이 기사는 2020년 05월 21일 08:00 더벨 유료페이지에 표출된 기사입니다.
South Korean shoe brand El Canto posted mixed financial results last year, as revenue showed double-digit growth but operating income margin fell to 6.5 percent from the previous year’s 9.5 percent.
El Canto’s 2019 revenue increased 12 percent year-on-year to 77 billion won ($62.6 million), according to its latest audited financial statements. The footwear brand is owned by a consortium of two private equity investors – SKS Private Equity and Cape Investment & Securities PE – with an 89 percent stake. The remaining shares are held by Nau IB Capital.
The consortium acquired El Canto from retail conglomerate E-Land Group in 2016. The company has since grown steadily to reach double-digit revenue growth as a result of continued efforts to expand online sales and strengthen its brand image.
But El Canto’s operating income declined to 5 billion won from 6.5 billion won in 2018 due to an increase in cost of goods sold (CGS) as well as selling, general and administrative expenses (SG&A).

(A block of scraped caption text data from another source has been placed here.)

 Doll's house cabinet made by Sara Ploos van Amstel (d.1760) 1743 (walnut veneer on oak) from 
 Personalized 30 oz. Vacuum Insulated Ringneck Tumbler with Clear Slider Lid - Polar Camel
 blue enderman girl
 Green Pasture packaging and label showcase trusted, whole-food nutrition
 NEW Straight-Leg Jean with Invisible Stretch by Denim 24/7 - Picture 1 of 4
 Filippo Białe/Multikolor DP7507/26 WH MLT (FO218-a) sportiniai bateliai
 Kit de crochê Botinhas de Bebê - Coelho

El Canto reported the CGS to revenue ratio of 45.9 percent, up 2 percentage points from 43.9 percent in 2018. The increased CGS was attributed to a sharp rise in the inventory reserve, an amount set aside in a company’s balance sheet in anticipation of inventory that will not be able to be sold. El Canto’s inventory reserve was 1.76 billion won at the end of 2019, up nearly three-fold year-on-year. But this was mostly due to changes in accounting estimates, meaning that the effect on the company’s financial statements will be temporary.
El Canto also saw the SG&A to revenue ratio climb to 47.5 percent from 46.6 percent in 2018 largely because of an increase in rent expenses.

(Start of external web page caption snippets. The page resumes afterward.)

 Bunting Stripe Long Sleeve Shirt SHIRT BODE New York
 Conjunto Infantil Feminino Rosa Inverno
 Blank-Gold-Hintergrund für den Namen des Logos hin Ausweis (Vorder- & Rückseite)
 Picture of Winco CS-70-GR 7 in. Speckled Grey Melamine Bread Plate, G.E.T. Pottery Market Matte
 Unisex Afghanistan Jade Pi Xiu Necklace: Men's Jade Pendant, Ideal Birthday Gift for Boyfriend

Still the company’s double-digit revenue growth is a significant achievement compared to rivals SODA and Kumkang Shoe, which recorded a 6 percent and 21 percent decline in revenue, respectively, in 2019.
With more local consumers moving to online shopping, El Canto has focused on attracting new customers by expanding its online sales channels and launching several sub-brands targeting different types of consumers.

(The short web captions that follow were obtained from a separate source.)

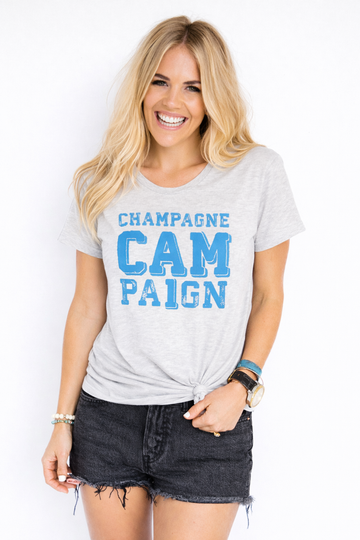 Champagne CAMpa1gn Tee - Vintage Inspired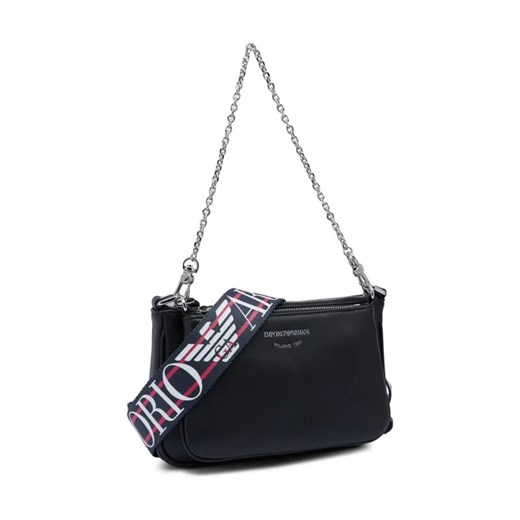 Emporio Armani Skórzana torebka na ramię + saszetka Emporio Armani One Size Gomez Fashion Store promocja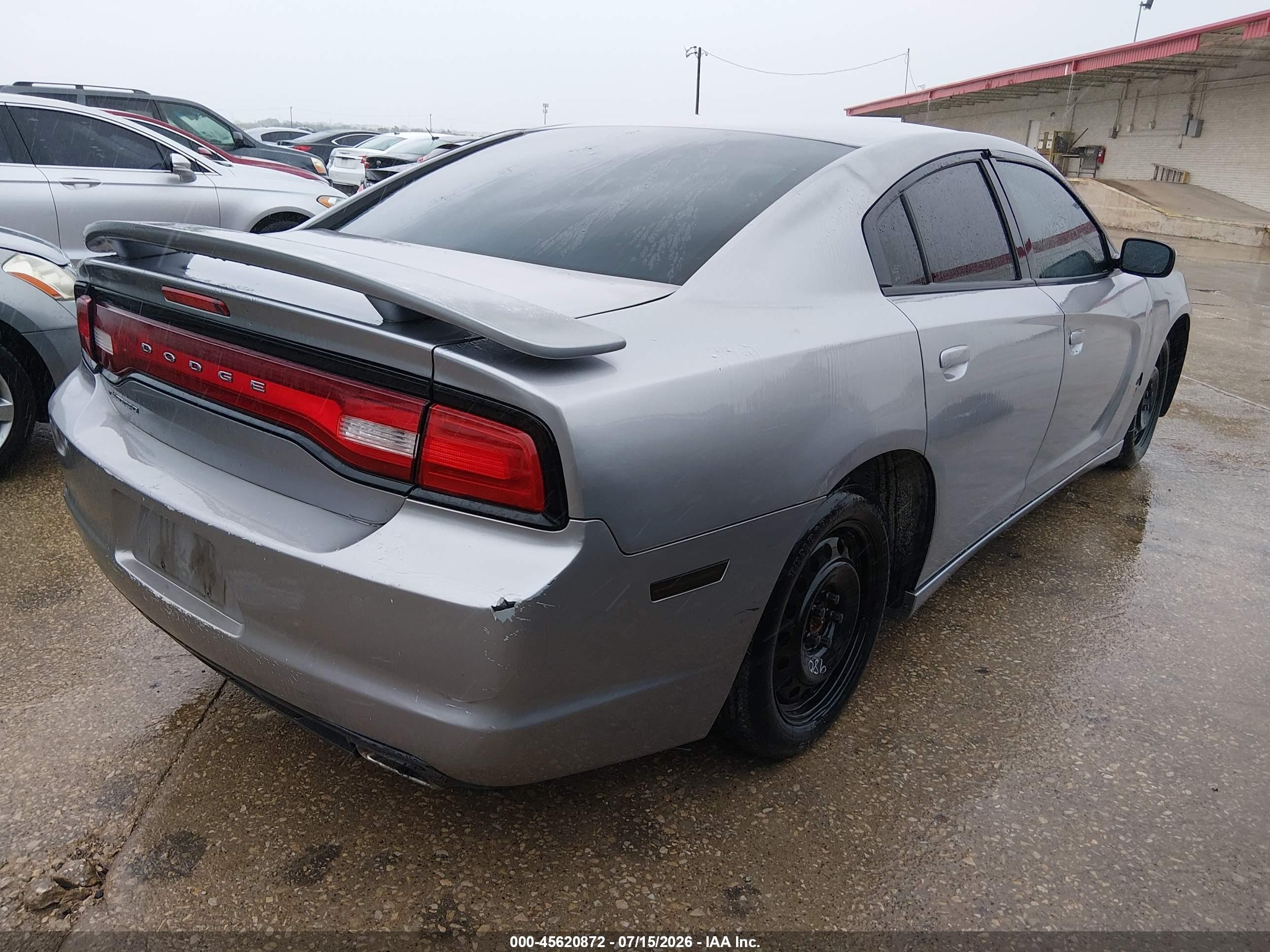 2013 Dodge Charger Se Silver vin: 2C3CDXBG2DH696869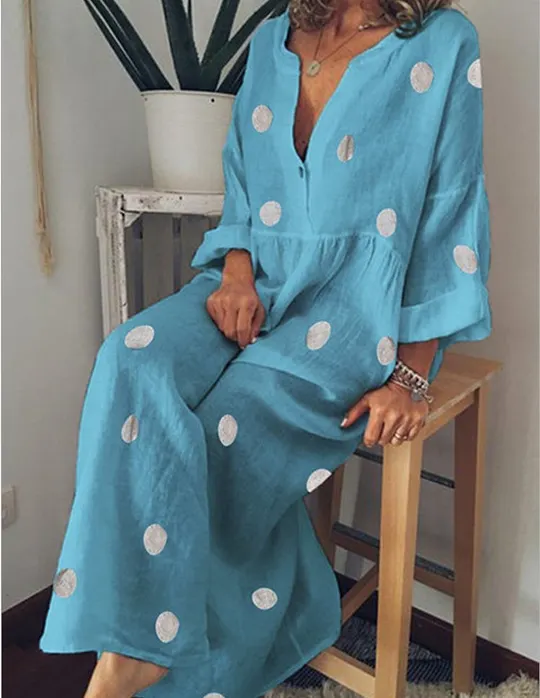 chinese dress ladies Cotton Linen Sun Dresses for Older Women Casual Loose Comfy V Neck Short  Sleeve Linen Maxi Dress Summer Lightweight Gauze Flowy Maxi Dresses Tea  Length Tshirt Dress Beach Vacation Outfits 2025 at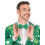 Rubies Adult green sequin bow tie 1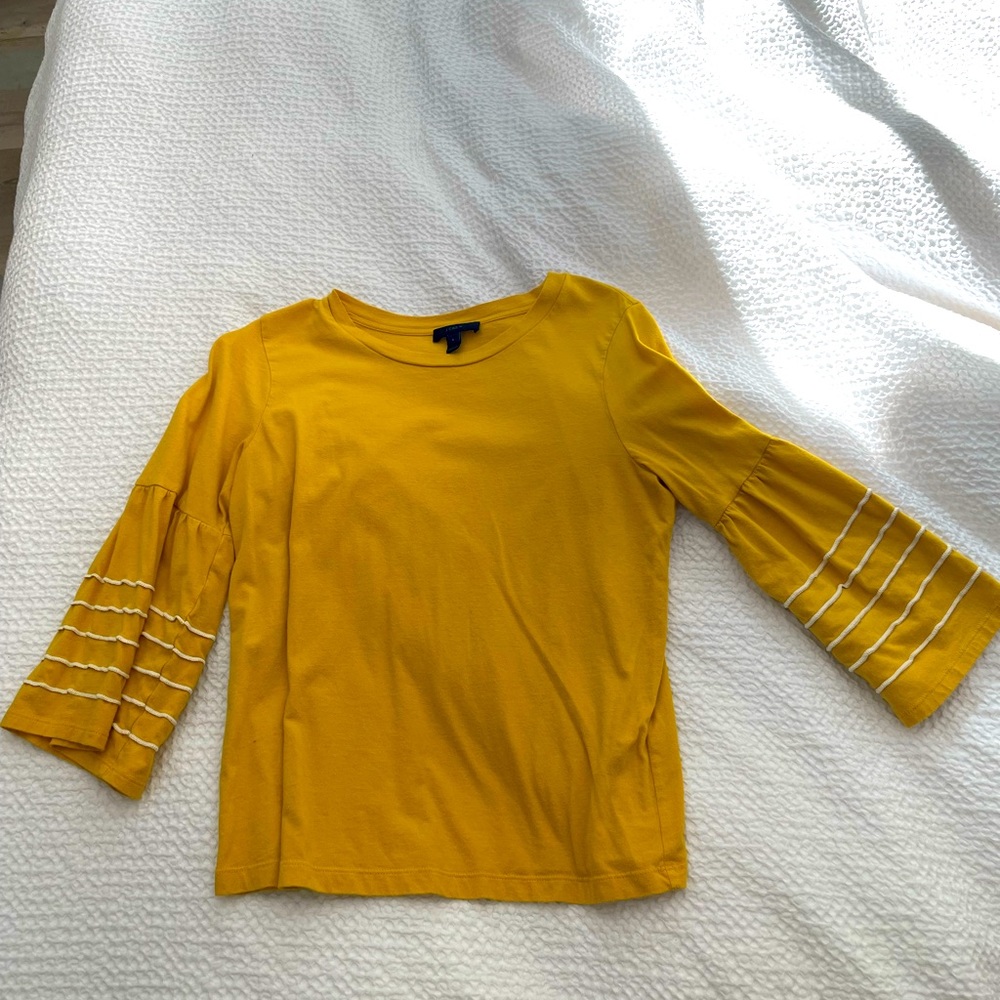 J Crew Flare sleeve shirt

Last year more than 15 percent of El Canto’s revenue came from online sales, continuing to increase from 13 percent in 2018 and 11.5 percent in 2017. As the online sales portion is still relatively small, it is expected to grow further in the future.
El Canto’s private equity owners plan to exit their investment by taking the shoe brand public as early as the first half of this year, though the timing appears to be delayed due to the coronavirus pandemic. El Canto has appointed DB Financial Investment to lead an initial public offering.